§ WORK TASK: Beneath this task are records; print exactly the stretch of them from the line with "High Affinity Nerve" through the line with "SF3A1 Rabbit anti-Human, Mouse, Rat, Polyclonal, Proteintech", both ends included.

§ DATASET ENTRIES:
● ● ● ●

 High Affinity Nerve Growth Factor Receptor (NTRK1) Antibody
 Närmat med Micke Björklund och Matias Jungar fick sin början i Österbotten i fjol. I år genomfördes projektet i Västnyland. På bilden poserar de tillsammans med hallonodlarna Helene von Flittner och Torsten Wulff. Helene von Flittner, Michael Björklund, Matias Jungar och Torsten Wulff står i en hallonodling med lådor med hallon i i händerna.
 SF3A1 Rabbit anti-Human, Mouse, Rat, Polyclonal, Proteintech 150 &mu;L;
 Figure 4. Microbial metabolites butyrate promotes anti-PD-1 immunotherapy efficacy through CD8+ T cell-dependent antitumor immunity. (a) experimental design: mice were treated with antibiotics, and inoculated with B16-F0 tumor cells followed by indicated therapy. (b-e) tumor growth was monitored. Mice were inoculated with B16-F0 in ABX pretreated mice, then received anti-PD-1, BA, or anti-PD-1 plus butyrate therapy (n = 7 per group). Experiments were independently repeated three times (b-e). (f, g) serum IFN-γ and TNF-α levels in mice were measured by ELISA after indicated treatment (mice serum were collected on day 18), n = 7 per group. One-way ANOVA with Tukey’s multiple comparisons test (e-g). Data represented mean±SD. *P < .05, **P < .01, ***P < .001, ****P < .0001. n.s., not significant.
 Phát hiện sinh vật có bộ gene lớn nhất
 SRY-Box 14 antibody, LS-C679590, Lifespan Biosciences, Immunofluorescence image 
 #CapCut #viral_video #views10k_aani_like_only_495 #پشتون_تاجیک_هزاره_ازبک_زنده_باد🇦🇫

● ● ● ●

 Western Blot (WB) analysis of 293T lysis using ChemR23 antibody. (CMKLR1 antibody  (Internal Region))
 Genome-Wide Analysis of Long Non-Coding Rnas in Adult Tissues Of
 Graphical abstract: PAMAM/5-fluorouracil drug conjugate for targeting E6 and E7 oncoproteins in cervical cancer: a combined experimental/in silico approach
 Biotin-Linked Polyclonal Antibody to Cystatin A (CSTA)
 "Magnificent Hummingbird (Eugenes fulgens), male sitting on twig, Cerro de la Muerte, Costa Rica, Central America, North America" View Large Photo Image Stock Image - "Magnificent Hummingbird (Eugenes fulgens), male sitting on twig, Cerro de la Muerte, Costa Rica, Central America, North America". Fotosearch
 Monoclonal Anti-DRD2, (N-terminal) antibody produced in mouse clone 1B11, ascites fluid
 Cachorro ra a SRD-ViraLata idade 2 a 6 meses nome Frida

● ● ● ●

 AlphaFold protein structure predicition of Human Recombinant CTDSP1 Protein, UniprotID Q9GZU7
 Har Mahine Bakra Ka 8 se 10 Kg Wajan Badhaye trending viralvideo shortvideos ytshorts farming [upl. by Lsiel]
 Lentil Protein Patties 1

● ● ● ●

§ EXERCISE RESPONSE:
 High Affinity Nerve Growth Factor Receptor (NTRK1) Antibody
 Närmat med Micke Björklund och Matias Jungar fick sin början i Österbotten i fjol. I år genomfördes projektet i Västnyland. På bilden poserar de tillsammans med hallonodlarna Helene von Flittner och Torsten Wulff. Helene von Flittner, Michael Björklund, Matias Jungar och Torsten Wulff står i en hallonodling med lådor med hallon i i händerna.
 SF3A1 Rabbit anti-Human, Mouse, Rat, Polyclonal, Proteintech 150 &mu;L;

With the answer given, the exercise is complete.